NEW YORK (CBSNewYork) — The candidates for mayor in New York City are making their final campaign pushes ahead of Election Day.
Mayor Bill de Blasio addressed business and civic leaders Monday morning at a breakfast hosted by the Association for a Better New York.
He touted his accomplishments in his first four years, saying keeping crime down, creating more affordable housing, and advancing education was all about making this a livable city, 1010 WINS’ Juliet Papa reported.
“The notion underlying all of it is to keep New York, New York,” de Blasio said.
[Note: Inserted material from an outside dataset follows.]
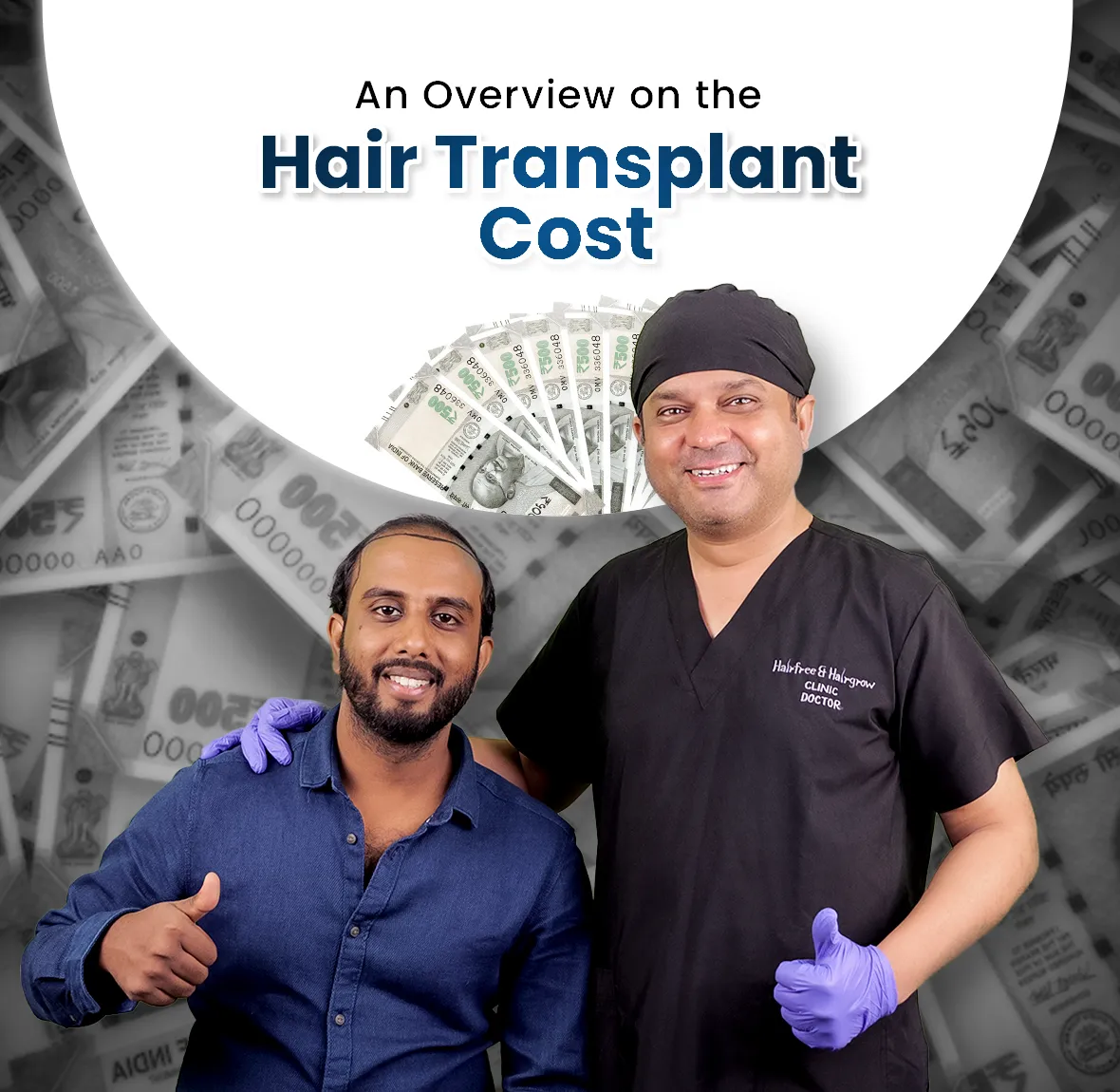 An Overview on the Hair Transplant Cost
The mayor also attacked the Republican tax proposal declaring it takes “dead aim” at New York, claiming it will mean a tax increase for more than 700,000 New York City families.
“President Trump’s tax plan will hurt nowhere more than his own hometown and that is a sad commentary,” de Blasio said. “I think it’s fair to say he understands life in this city and think it’s strange that he would come up with a plan that would undermine us so deeply.”
Deafening silence greeted the mayor when he labeled himself a truth-teller and then told the well heeled crowd, “I don’t think a $1.5 trillion tax cut for wealthy Americans and corporations is the best way to move this country forward,” WCBS 880’s Rich Lamb reported.
If — as de Blasio put it — New Yorkers renew his employment contract, fixing the city’s property tax system will be one of his most difficult tasks. It’s up there with homelessness.
“If they choose me, we’re going to get to work on this on a very big and focused manner,” he said.
As CBS2’s Marcia Kramer reported, Republican challenger Nicole Malliotakis has been endorsed by former Governor George Pataki.
“Today is the 100th anniversary of women’s suffrage. In New York we have never had a woman mayor, hopefully after tomorrow we will. It will be Nicole,” he said.
Malliotakis pointed out that she and Pataki share the same political hero, Teddy Roosevelt.
“We try to carry out the moral compass of Teddy Roosevelt, someone who stood up to his own party,” she said, “Stood up against Tammany Hall as well.”
Malliotakis made stops at a bakery and diner in Queens, two public schools, Federal Hall and a celebration of the 100th anniversary of women’s suffrage in New York.
Independent Bo Dietl held up a picture of the mayor with Arab activist Linda Sarsour and tried to win the Jewish vote by pointing out that his daughter and grandson are Jewish.
The mayor said readjusting property taxes will require city and state legislation and could take as long as two years to solve.
He also offered another caveat. He’s not going to do anything to reduce the income New York City gets from the tax, so it could mean re-arranging who pays and how much.